Reading in data in Julia, R, and Python
I’ve been fairly interested in the Julia programming language recently. Haven’t heard of it? From the project website: “Julia is a high-level, high-performance dynamic programming language for technical computing.”
From what I understand, it’s a programming language intended to provide a high-level programming interface with similar features to R / Python / Matlab at near C-level speed. Sounds pretty intriguing right? The language is fairly new, so its ecosystem is not as mature as R’s or Python’s.
At my job I attempted to do some of my work in Julia a couple months back, but honestly never got much further than reading in a .csv into memory. Anecdotally, it seemed pretty slow to read in data, as well as having very high memory usage. This gave my the sense that Julia was maybe not quite appropriate for my purposes if I couldn’t efficiently read in and store a simple .csv. Naturally, this may have also been a result of my lack of familiarity with the language.
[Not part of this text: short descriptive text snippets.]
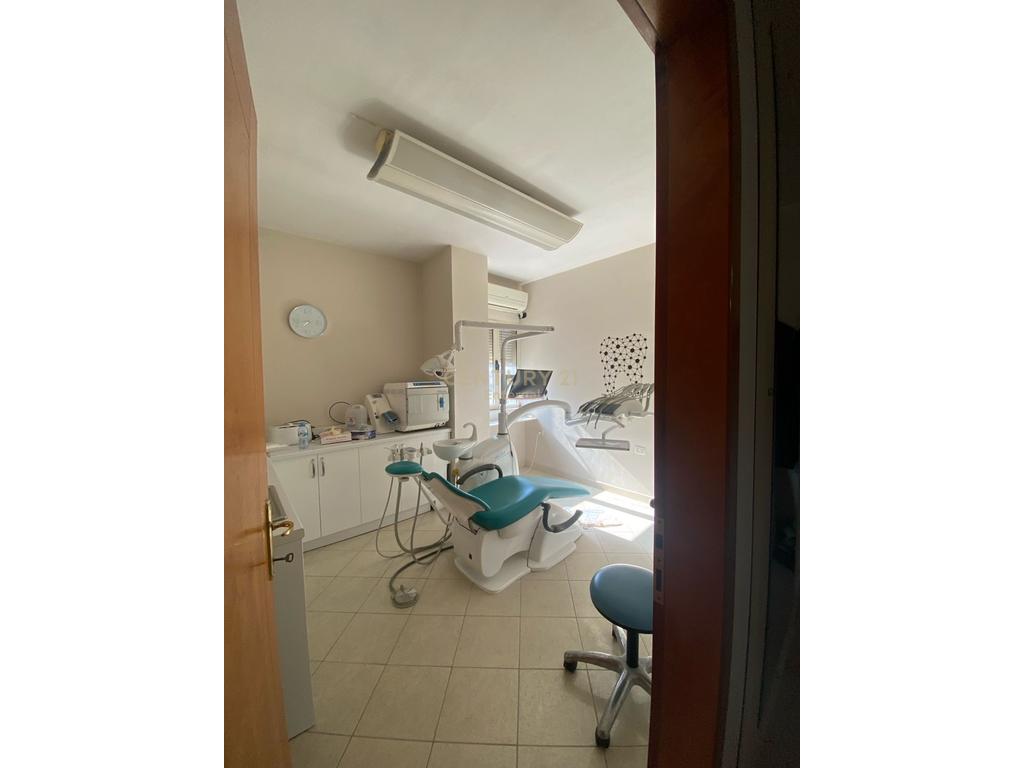 Apartamento 2+1 à venda na rua kavaja!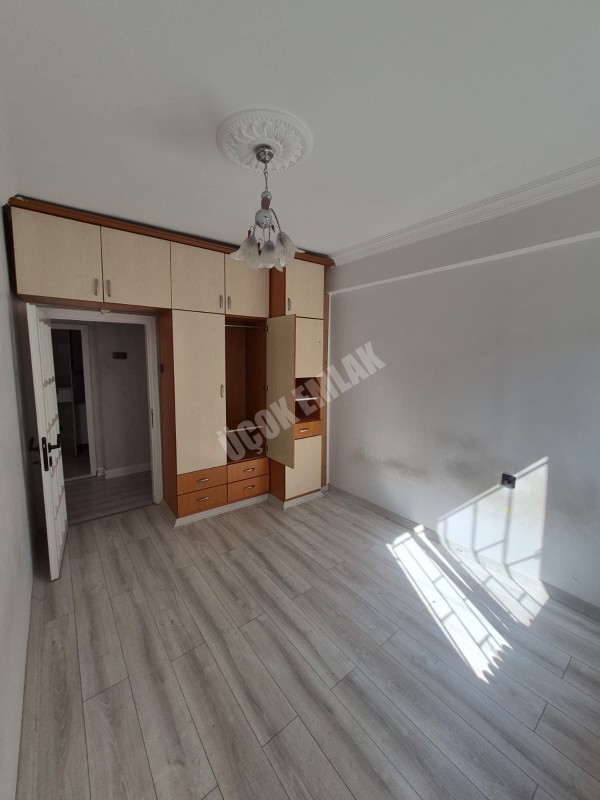 AFYON ÜÇOK EMLAKTAN DUMLUPINAR MAH 4+1 150M² TEMİZ BAKIMLI SATILIK DAİRE 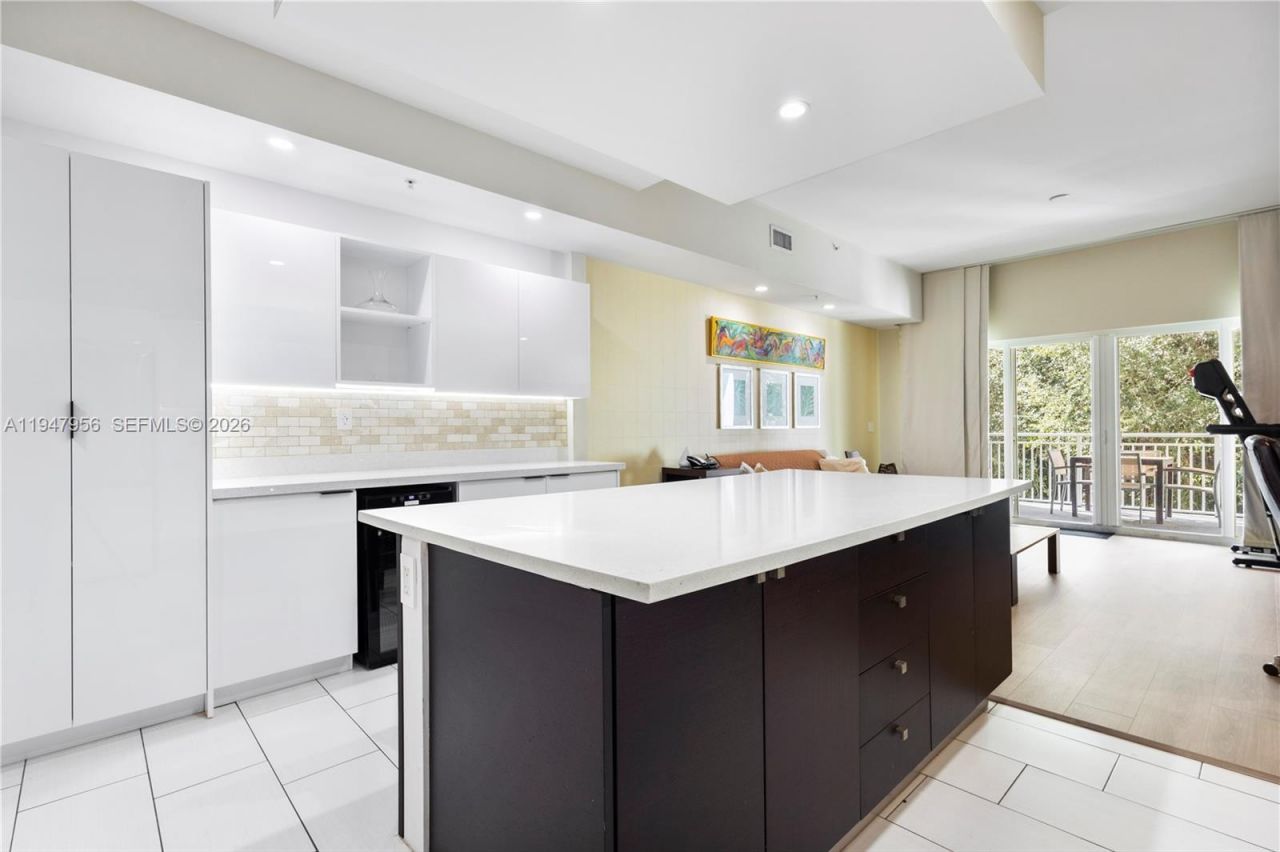 5300 NW 87th Ave, Unit 1212, Doral, FL 33178 Photo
I decided to play around with the language again a couple months later, and downloaded the development version of Julia 0.5.0. The simple benchmark I came up with was:
- Download this airports data
- Read in file to a data frame
In R and Python I was capable of doing both steps at once, while with Julia I had to download the file separately, and then read in the file, which is no big deal.
I chose this dataset, popularized by Hadley Wickham in some of the vignettes of his R packages. I don’t know the origins of the dataset.
Here are the commands I used to do this analysis:
R 3.2.1
Python 2.7.10
Julia 0.5.0-dev
Results
language | RAM | time (sec) |
---|---|---|
R | 235 KB | 0.20 |
Python | 78 KB | 0.19 |
Julia | 143 KB | 5.45 |
Caveats
My sense is that this was probably a dumb benchmark. Internet download speeds can be variable, and I didn’t run this on a very fast internet connection. For Julia I also only timed the readtable
function and ignored the download
aspect, out of laziness.
Discussion
According to this benchmark, R was the least efficient at storing this data in terms of memory usage. My sense is that this is probably related to the fact that R doesn’t store numeric data very efficiently since there are no primitive types. By that I mean a single integer in R will take up 48 bytes of memory, when clearly you don’t need 48 bytes to store a single integer. It’s because the resulting object is actually a vector. In Python, storing an integer (via var = 1
) takes 24 bytes, and in Julia it takes just 8 bytes. So yea, R is 6
times less memory efficient than Julia for storing a single int. Perhaps this isn’t super relevant to this discussion because there’s a lot more going on in dataframe
structures than that.
In terms of speed, clearly Julia was much slower here than R or Python. Obviously I didn’t even bother with faster R functions to read in data like data.table::fread
or readr::read_csv
. I don’t know very much about the data frame implementation or the readtable
function, so I won’t hazard a guess as to why we observed this result. I will conclude by just pointing out that this was a silly benchmark, and it’s my sense that Julia was constructed with more in mind than performing well on this benchmark. This was more to satisfy my curiosity than an attempt at a serious benchmark.